CRÔNICAS E CASOS – Theodoro, o pescador

THEODORO, O PESCADOR

                                     Lembranças da adolescência -01

J. L. Belas – 2006

 

Muitas pessoas que me conhecem desde quando eu tinha meus 15 anos, ou menos um pouco, se lembram muito bem das minhas festas de aniversário. Inesquecíveis!!!

Até hoje, dia 5 de fevereiro é lembrado como uma data em que reuníamos centenas de pessoas no quintal de minha casa, e lá tomávamos guaraná, mineirinho, coca-cola, cerveja e o delicioso chope gelado, passado por uma serpentina feita – pelo meu pai – com canos de chumbo, muito usados, naquele tempo, nos encanamentos de água das residências.

Os salgadinhos, todos, eram feitos na casa do Seu Theodoro, casado com uma senhora, muito calada e bondosa, chamada Maria.

Ele havia construído uma máquina fantástica que servia para espichar a massa de pastéis, dando–lhe uma espessura de cerca de menos de 1mm. Quando eles eram fritos, por Dona Maria, meu Deus, ficavam crocantes. Verdadeiros manjares dos deuses.

Está aí o porquê Seu Teodoro e Dona Maria, todos os anos, faziam os pastéis da minha festa. Formavam uma dupla fantástica, eram os melhores!

Acontece que não há pastéis sem recheios. Certo? E é aí que entra o meu querido e saudoso amigo pescador, o Dorico (apelido do Seu Theodoro, para os íntimos).

No dia 3 de fevereiro, à noite, saímos de casa para pescar camarão.

Nosso grupo tinha à frente o pescador Theodoro – que tecias suas próprias redes de pesca – seu filho Pedro, eu, Antônio (Toninho), Oswaldo e, eventualmente, mais alguém.

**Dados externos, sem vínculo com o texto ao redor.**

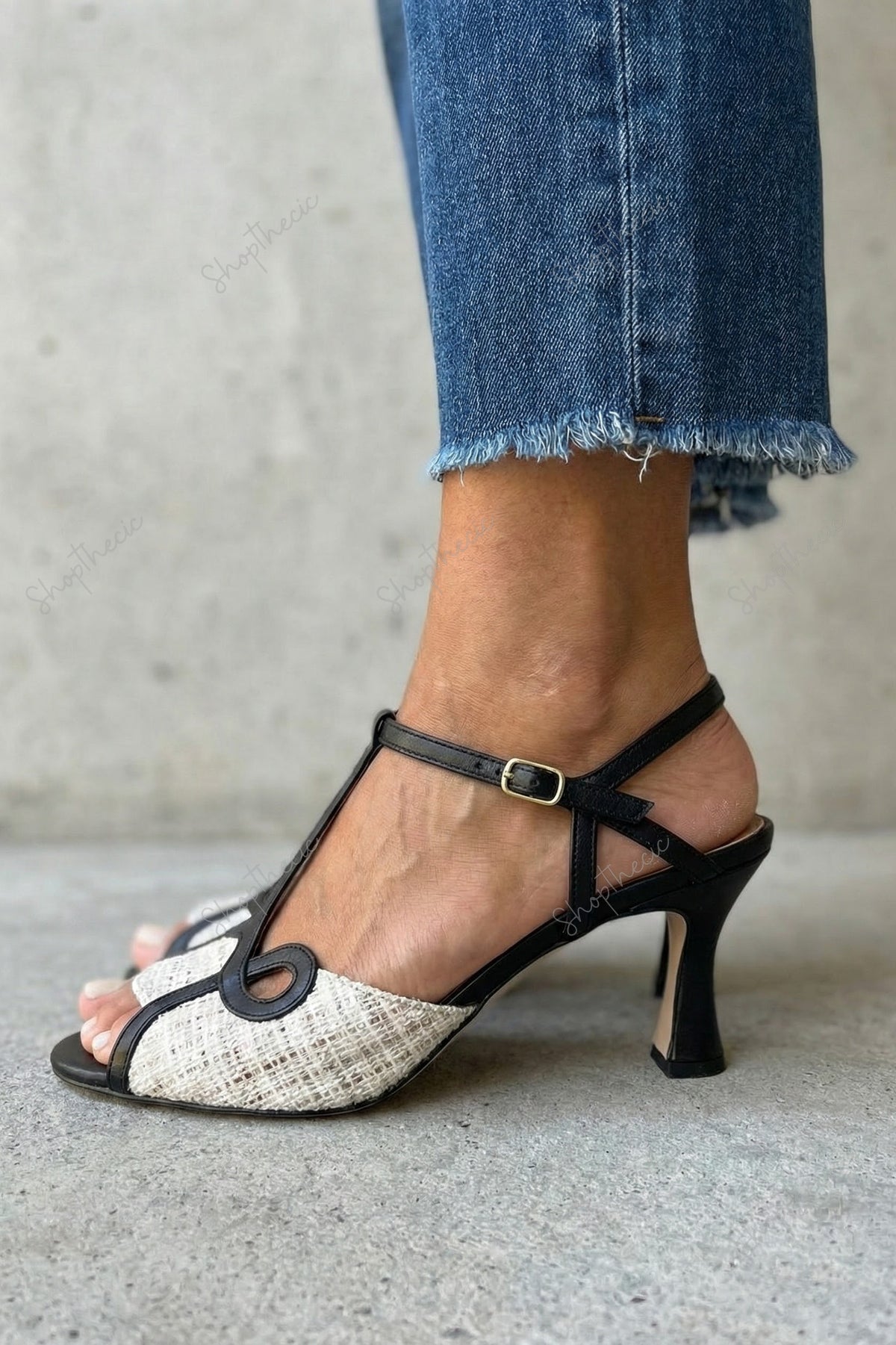 Color-blocked buckle peep-toe high-heeled sandals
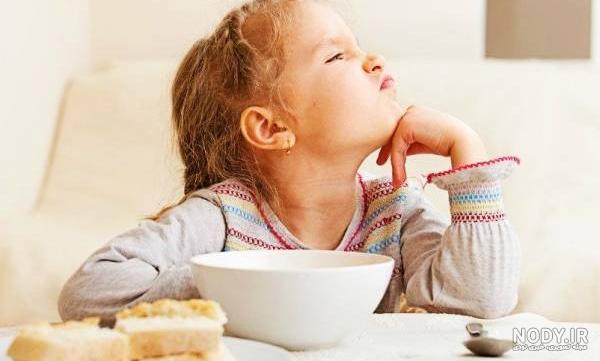 با معضل غذا خوردن کودکان چه کنیم؟ با معضل غذا خوردن کودکان چه کنیم؟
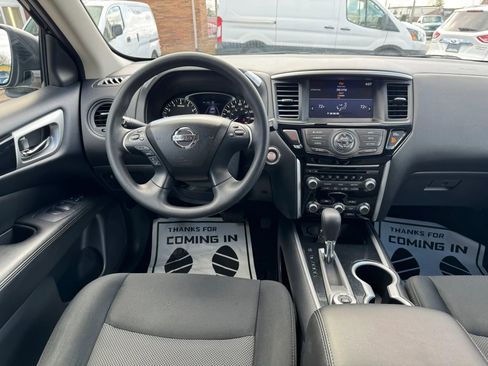 Used 2019 Nissan Pathfinder S image 44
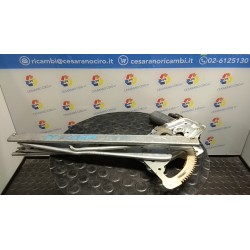 ALZACRISTALLO PORTA ANT. ELETTRICO DX. 056 TOYOTA YARIS (10/01-11/05)     (FRP) 1SZFE 698100D010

A rede era lançada ao mar na praia do Porto do Coqueiro, no Barreto, na base do morro que ficava atrás da igreja de São Sebastião. Hoje, passa por lá a estrada Niterói-Manilha e, provavelmente, quem tiver menos de 50 anos de idade terá dificuldade para imaginar que ali existia uma praia de águas límpidas, repletas de camarões cinza (desses que agora a gente compra por R$20,00 – ou mais – o quilo) e de siris azuis de tamanho maior que 25cm. 

Pois é, era com esses camarões que fazíamos os recheios dos nossos salgados.

Com os incautos siris, que se enroscavam na nossa rede, fazíamos o almoço do dia 4, do qual participavam todos os “pescadores” da noite anterior e outros amigos que vinham neste dia para ajudar na preparação da festa do dia 5. Na realidade, a festa começava, mesmo, já no dia 3.

Seu Theodoro e Dona Maria foram pessoas incríveis, que me ensinaram sobre boa vontade, amizade, desprendimento, cooperação, simplicidade.

Ensinaram, mais do que isso, que não basta cultura, conhecimento,  frequência assídua aos bancos escolares, para que nos tornemos pessoas boas, amigas, sensíveis.

Recebi deles carinho só comparável àquele que se costuma receber dos bons avós.

De Theodoro, “o pescador”, guardo em mim lembranças que jamais serão apagadas e aprendizagens que nunca serão esquecidas. Ele era um “faz-tudo”, de inteligência rara, sempre disponível para os amigos e um inventor nato. Uma pessoa cuja paixão maior era vencer os desafios que se apresentavam diante dele.

A cada ano, a cada pescaria do dia 3, eu recebia dele o “saber” e o “sabor”.

As minhas festas de aniversário tinham – em grande parte – o SABOR que vinha dessa pessoa que viveu nos “bastidores”, conhecida por poucos daqueles que saborearam os deliciosos pastéis e outros salgadinhos do dia 5 de fevereiro.